2. Ашнин Ф.Д., Алпатов В.М. Указ. соч. С. 17.
3. Долгушев В.Г. Виноградов в Кирове // Кировская правда. 1989. 30 нояб. (№ 244.). С. 4.
4. Виноградов В.В. Вятские будни // Вестник РАН. 1995. Т. 65. № 1. С. 81.
5. См.: Виноградов В.В. Стиль «Пиковой дамы» //Временник Пушкинской комиссии. Вып. 2. М.; Л., 1936. С. 74—147.
6. Публикуется по: Виноградов В.В. Вятские будни // Вестник РАН. 1995. Т. 65.  № 1. С. 74—81. (Составление и примечания Л.Б. Гуськовой).
7. Ушаков Д.Н. (1873—1942), крупнейший русский ученый-лингвист, редактор и один из составителей «Толкового словаря русского языка», член-корреспондент АН СССР.

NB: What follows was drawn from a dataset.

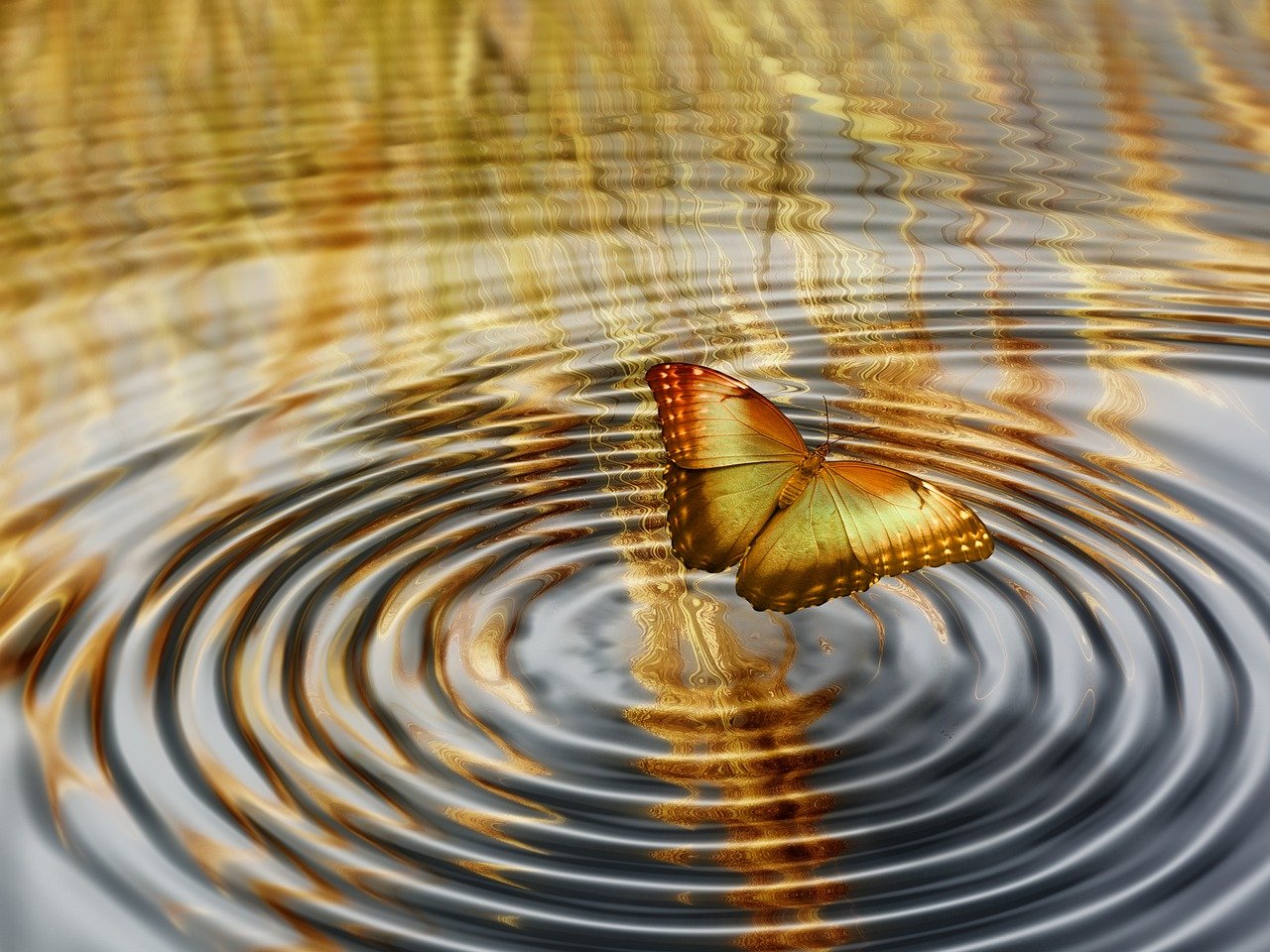 探索舞蹈社团的魅力与意义，一种深入的认识,对舞蹈社团的认识和了解  第1张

8. 1 ноября 1935 г. дома у В.В. Виноградова был произведен обыск. Н.М. Малышева-Виноградова так описала этот инцидент в письме автору данной публикации: «В Вятке произошел с ВВ такой случай. К нему пришли из Вятского НКВД (во главе которого, кажется, стоял т. Стряпкин), забрали у ВВ все рукописи и часть книг. ВВ прислал мне письмо, где написал буквально: «Если со мной случится «недоразумение» (а у нас это бывает), я прямо скажу, что больше ни жить, ни работать не буду. И так трудно поверить, в каких условиях я работаю, а моя жена, далеко не цирковой тяжеловес, возит мне чемоданы с книгами и увозит часть обратно…». Вот эти-то привозимые мною чемоданы, по-видимому, и послужили поводом к обыску… Получив письмо ВВ, я тут же позвонила на Лубянку следователю, который в Москве вел дело ВВ — Виктору Петровичу Горбунову — и рассказала ему все и прочла письмо ВВ. Виктор Петрович оказался добрым и умным человеком (сейчас я молюсь о его здоровье), он поговорил со своим начальством и позвонил мне, сказав: «Напишите Вашему мужу, успокойте его, все ему будет возвращено, и все будет к лучшему». И действительно, ВВ вызвали в Вятке в НКВД и все ему привезли на машине, т. к. материала было слишком много и ВВ не мог его унести сам…». Мы видим из писем В. В. Виноградова, насколько глубоко он переживал этот случай. Кто знает, как бы сложилась его судьба, не вмешайся в нужный момент Надежда Матвеевна. Н.М. Малышева тепло вспоминала Вятку: «По старости не могу вспомнить номера дома Егора Ивановича, но вспоминаю тепло всю семью Широковых, так как всех людей, от которых видела добро. А видела я его очень много, и часто оттуда, откуда его меньше всего ожидаешь».